[–] [Deleted] 1 points (+1|-0)

I guess you need a huge screen to notice the difference. But then, everything is streamed and it takes a lot more bandwidth. Honestly, meh.

On this crappy little screen? I don't have enough pixels to see any difference. Only thing I notice is the download time.

[–] KillBill 1 points (+1|-0) Edited

Yea, I can tell the difference but its not a big deal. I certainly wouldn't pay more for one but you cannot buy a standard 1080p tv easily where I am from.
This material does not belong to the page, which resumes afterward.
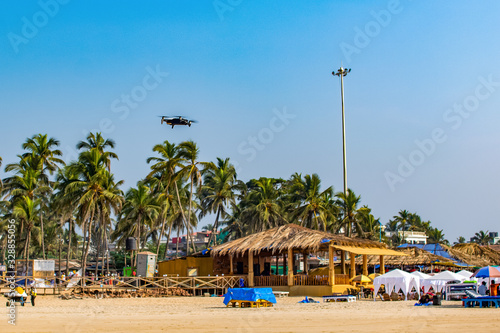 Drone flies over the beach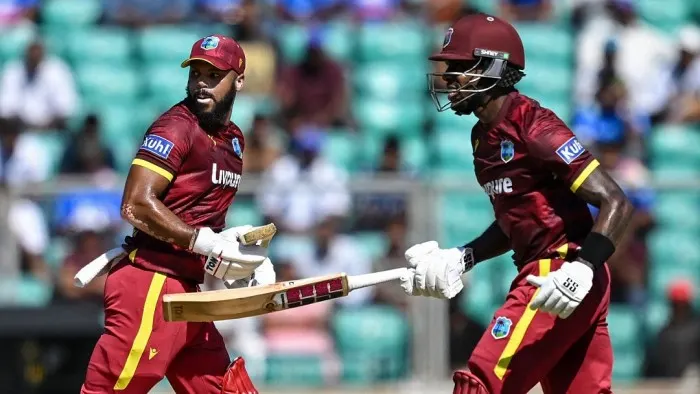 Justin Greaves and John Campbell share a strong 135-run opening partnership for the West Indies against India.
The TV I just bought has a decent upscaler so standard 1080p looks almost as good as standard 2160p(4k as they call it.) HDR10 applied to either 1080p and 2160p(4k) is a far better upgrade to me in movies and the one game I tried it on(Far Cry 5).
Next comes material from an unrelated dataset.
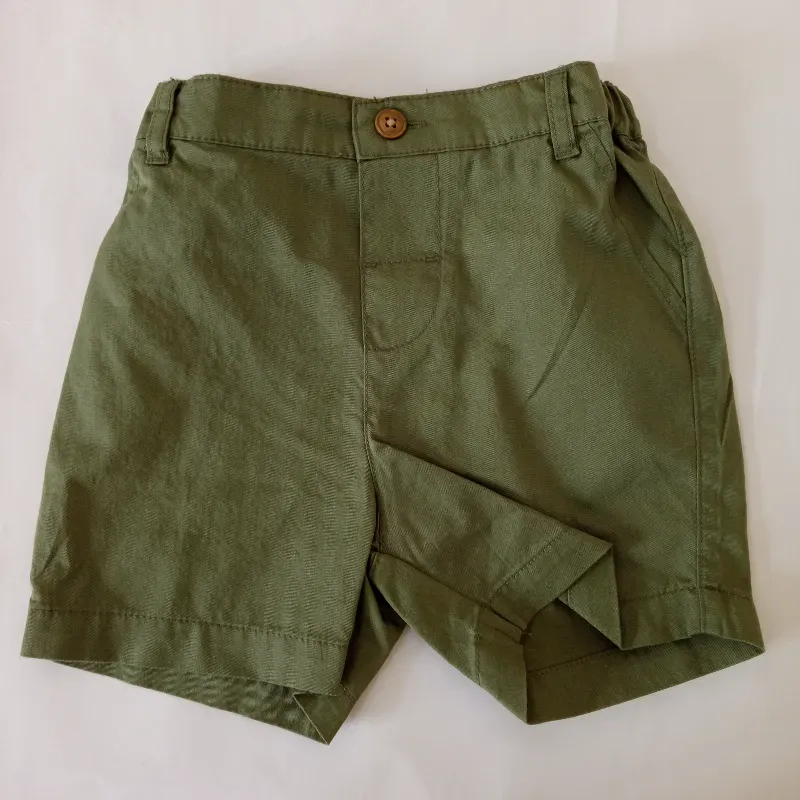 Conjunto color verde con dinosaurios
[–] jobes 1 points (+1|-0)

Usually only if I'm looking specifically for aliasing issues since i'm used to looking for that sort of artifacting for work. Otherwise, I generally ignore 4k. I still only use a 1080p tv and use 1440p monitors. I have no desire to exert have 4k monitors and no need for a 4k tv

[–] pembo210 1 points (+1|-0) Edited

4k version of the video instead of the normal 1080p. 4k has four times the number of pixels.

You'll need a 4k Bluray player and 4k TV to be able to see all the details.

I haven't messed with them but you should still be able to play the 4k disk on a regular Bluray player, but it would play the normal HD version of the video.